M.S.Y.Y. and M.D. performed the experiments. M.S.Y.Y. and E.S. performed statistical analysis. E.S. and S.B. performed mathematical modelling. M.S. and G.P. performed 14C measurements. M.S.Y.Y. and J.F. designed the study and experiments. M.S.Y.Y., J.F. and L.B. designed data analysis. E.S., S.B., M.S.Y.Y. and J.F. designed mathematical analysis. J.F. supervised the study. M.S.Y.Y., E.S. and J.F. prepared figures and wrote the manuscript.

Competing interests

The authors declare no competing interests.

Corresponding author

Correspondence to Jonas Frisén.

Extended data figures and tables

  1. Extended Data Fig. 1 Flow cytometry reanalysis of isolated cell nuclei from patients with multiple sclerosis.

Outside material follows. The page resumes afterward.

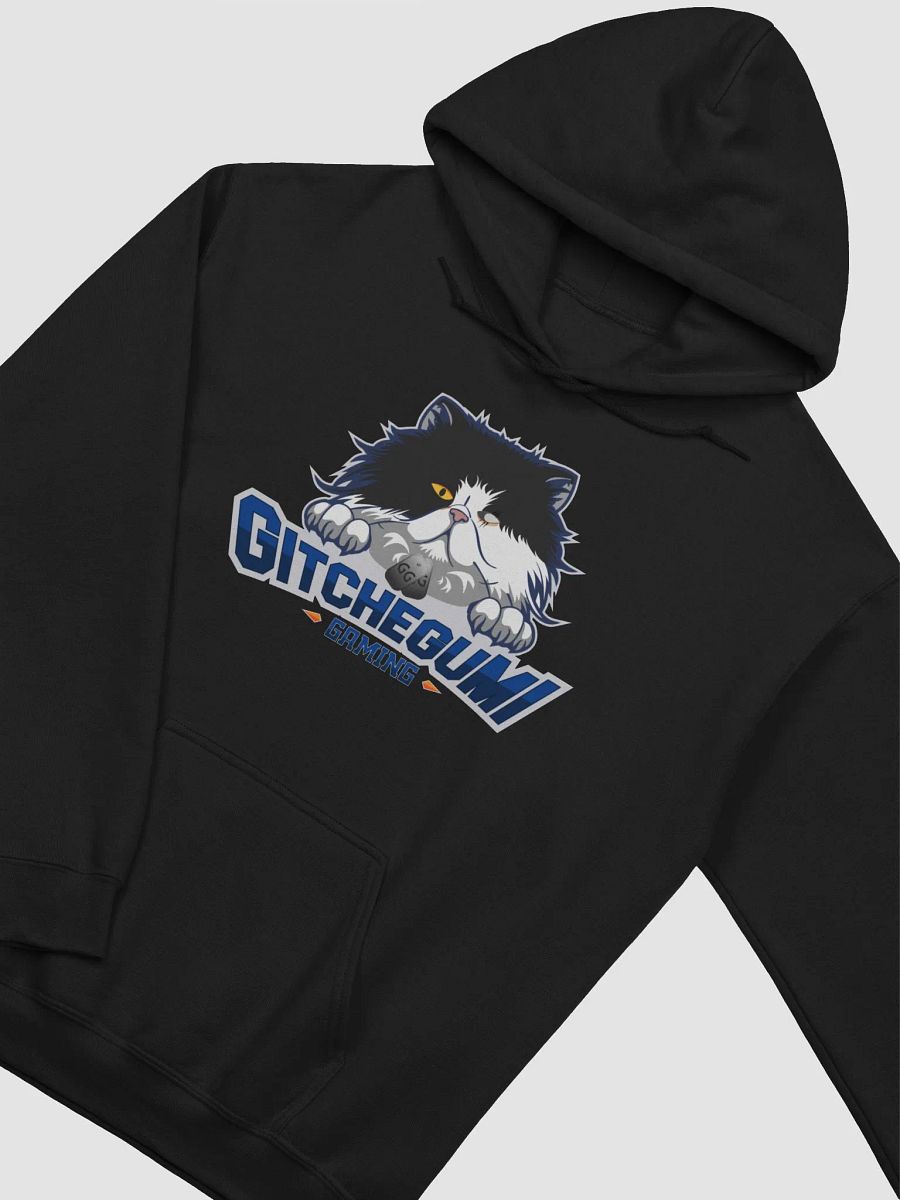 Gitch pull-over hoody product image (25)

    ac, Reanalysis of mature oligodendrocytes, OPCs and non-oligodendrocyte lineage cells isolated by flow cytometry shows 94.8 ± 2.1%, 82.2 ± 10.2% and 97.6 ± 2.1% purity, respectively (n = 29, 24 and 28 biopsies and patients, for each analysis, 20,000 events were recorded per sorted fraction, technical replicates per fraction (≥3)), and the respective contamination of OPCs (top left quadrant), non-oligodendrocyte linage cells (bottom left quadrant) and mature oligodendrocyte (top right quadrant) in the isolated population. Values inside the quadrants represent the average percentage from all isolated NAWM of patients with multiple sclerosis (mean ± s.d.). The small fraction of contamination of other than the isolated population acquired during flow cytometry isolation was accounted for by correcting the 14C values to reflect the isolated cell population accurately. See also Method and Supplementary Table 1.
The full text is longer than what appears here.